(THE TASK)
Would you reproduce the data below exactly, please, leaving out its images?
Top of INPUT DATA
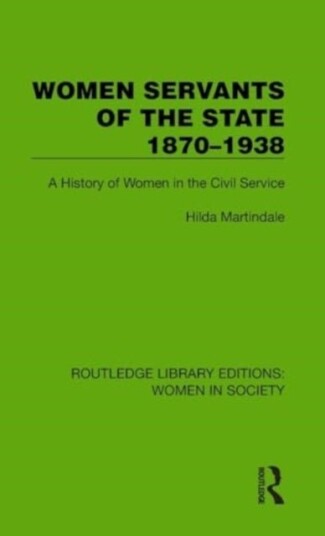 Women Servants of the State 1870¿1938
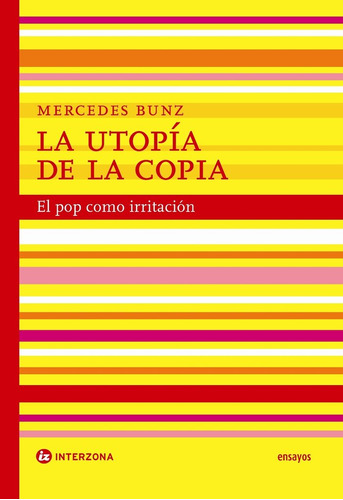 Libro La Utopia De La Copia - Bunz, Mercedes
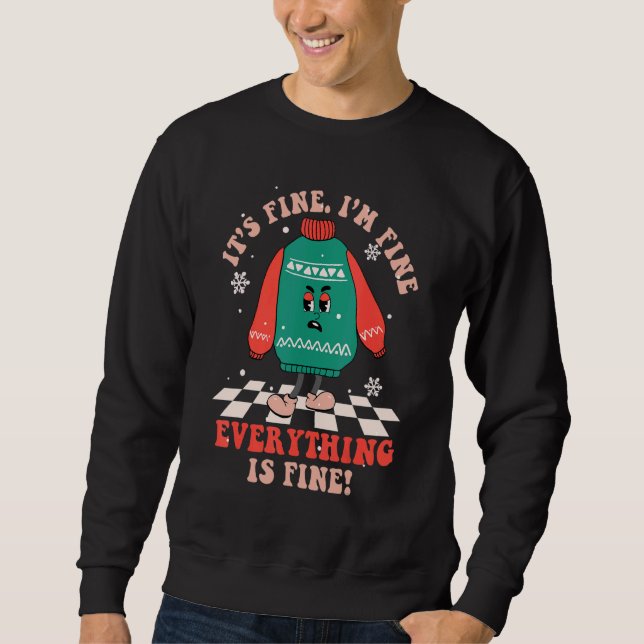 It's Fine I'm Fine Everything Is Fine Retro Christ Sweatshirt (Front)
Bottom of INPUT DATA
(OUTPUT FOR THIS TASK)
 Women Servants of the State 1870¿1938
 Libro La Utopia De La Copia - Bunz, Mercedes
 It's Fine I'm Fine Everything Is Fine Retro Christ Sweatshirt (Front)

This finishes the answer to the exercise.